Une fois de plus, l’adage se vérifie : le gouvernement relance la discussion sur un sujet dont on ne discute en France qu’aux pires moments de notre histoire ; car parler de l’identité, ce n’est pas, en général, dire ce que nous sommes, mais faire la liste de ce que nous ne sommes pas, et de ce que nous voulons refuser de devenir ; c’est discuter de la meilleure façon d’exclure ; c’est demander des papiers d’identité ; et chasser ceux qui n’en ont pas . De plus, vouloir en faire un débat national juste avant les élections régionales, c’est pousser la gauche à le refuser, au nom d’une morale chatouilleuse, qui ne peut que lui nuire auprès des électeurs.
Pourtant, la gauche ferait une grave erreur en donnant ainsi le sentiment que la France ne l’intéresse pas, tout occupée qu’elle serait à défendre des valeurs universelles. Il faut donc, même si le moment est fort mal choisi, accepter ce débat ; et y expliquer très simplement comment l’identité française est définie et, peut etre surtout, ce qu’elle peut devenir.
Six éléments caractérisent l’identité d’un peuple, quel qu’il soit : un territoire, une langue, une culture, des valeurs, une histoire, un destin commun. Aucun de ces éléments n’est stable. Tous évoluent avec le temps. La France fut chrétienne ; elle est laïque. La France fut monarchiste ; elle est républicaine. Et aujourd’hui, toutes ces dimensions sont remises en cause par le mouvement du monde : l’effacement des frontières, en particulier en Europe, remettant en cause l’idée même d’un territoire identitaire ; le nomadisme croissant des Français comme des étrangers ; la présence croissante, sur le territoire national, d’autres langues, d’autres cultures, d’autres façons de vivre ; l’universalisation des valeurs, autour des droits de l’homme et de liberté individuelle, qui en fait disparaitre le caractère national; et, enfin, dans l’individualisme ambiant, l’incertitude quant à l’existence d’un destin commun .
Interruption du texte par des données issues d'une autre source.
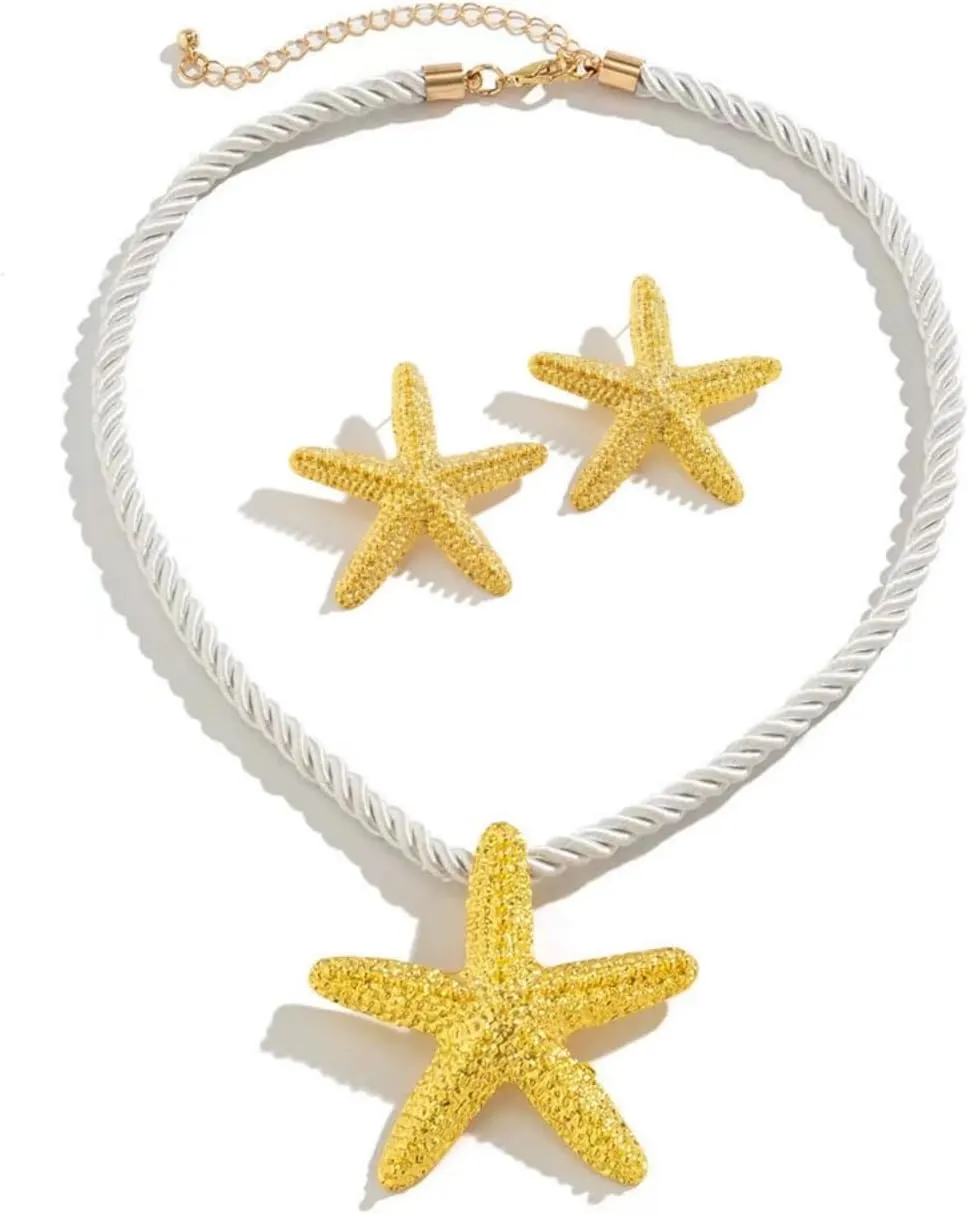 Women Seashell Charm Beach Jewelry Sets Shells/Suns/Star/Flowers/Snails Necklace 2024 Ocean Vacation Beach Retro Fashion Earrings Necklace Summer Women Gift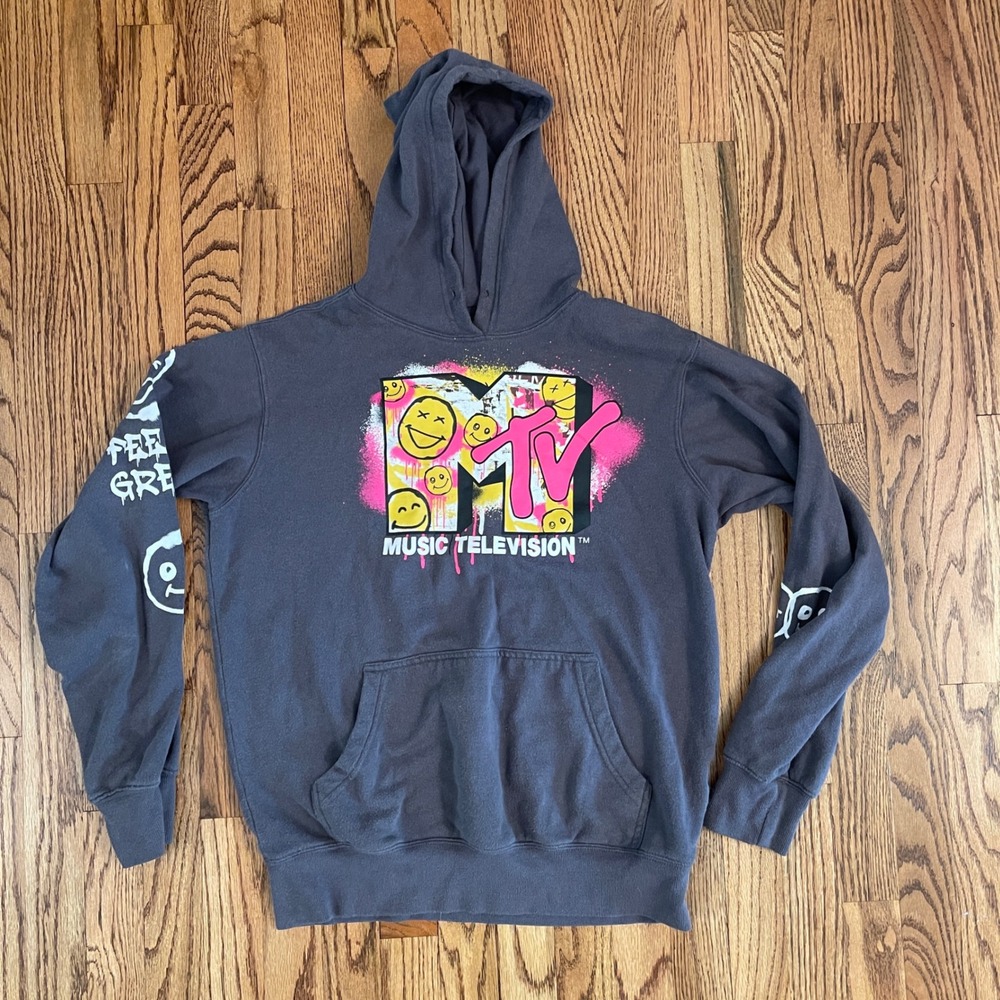 MTV Hoodie Pullover‎  Gray Sweatshirt M *no tag* Y2K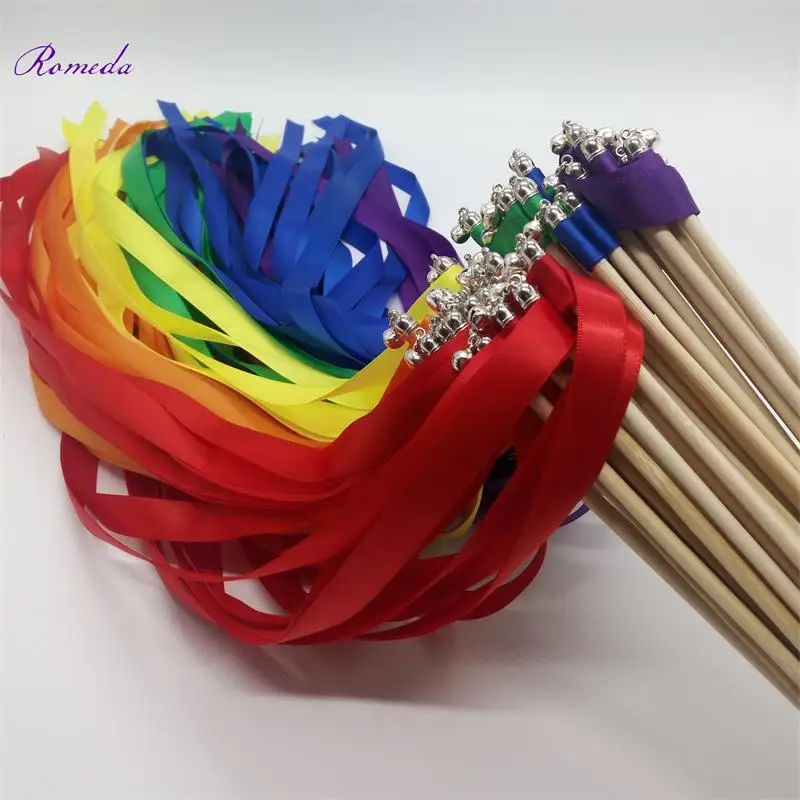 Newest 50pcs/lot rainbow wedding ribbon stick wands Sparklers  with sliver bell for wedding decoration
De tout cela il résulte que, à terme, la seule chose qui définira durablement l’identité d’une nation, c’est sa langue, et la culture, la façon de penser le monde, qu’elle implique. La langue française conduit à penser, à écrire, à vivre, de façon claire, simple, directe, précise, logique, binaire. Elle trouve sa source dans l’harmonie des paysages et conduit à une symétrie des mots, à un équilibre des concepts, qu’on trouve déjà dans les textes des inventeurs de cette langue, de Rachi de Troyes à Blaise Pascal, de Chrétien de Troyes à Montaigne, de Marcel Proust à Léopold Senghor.
Une langue qui doit donc etre bien parlée et servir de véhicule de la pensée à tous ceux qui vivent en France ou se réclament d’elles. Une langue qui définit à elle-seule l’identité française ; à défendre, à ouvrir au monde, pour qu’elle s’en nourrisse : sait on que c’est la seule langue du monde dont le nombre de locuteurs peut tripler en 40 ans, grâce à l’évolution démographique de l’Afrique ? Et qui, s’y on n’y prend garde, peut disparaitre pendant la même période.
Une langue qui peut aussi, mieux qu’aucune autre, combattre les extrémismes, les fondamentalismes ; même quand ils s’expriment, en français, dans le meilleur style.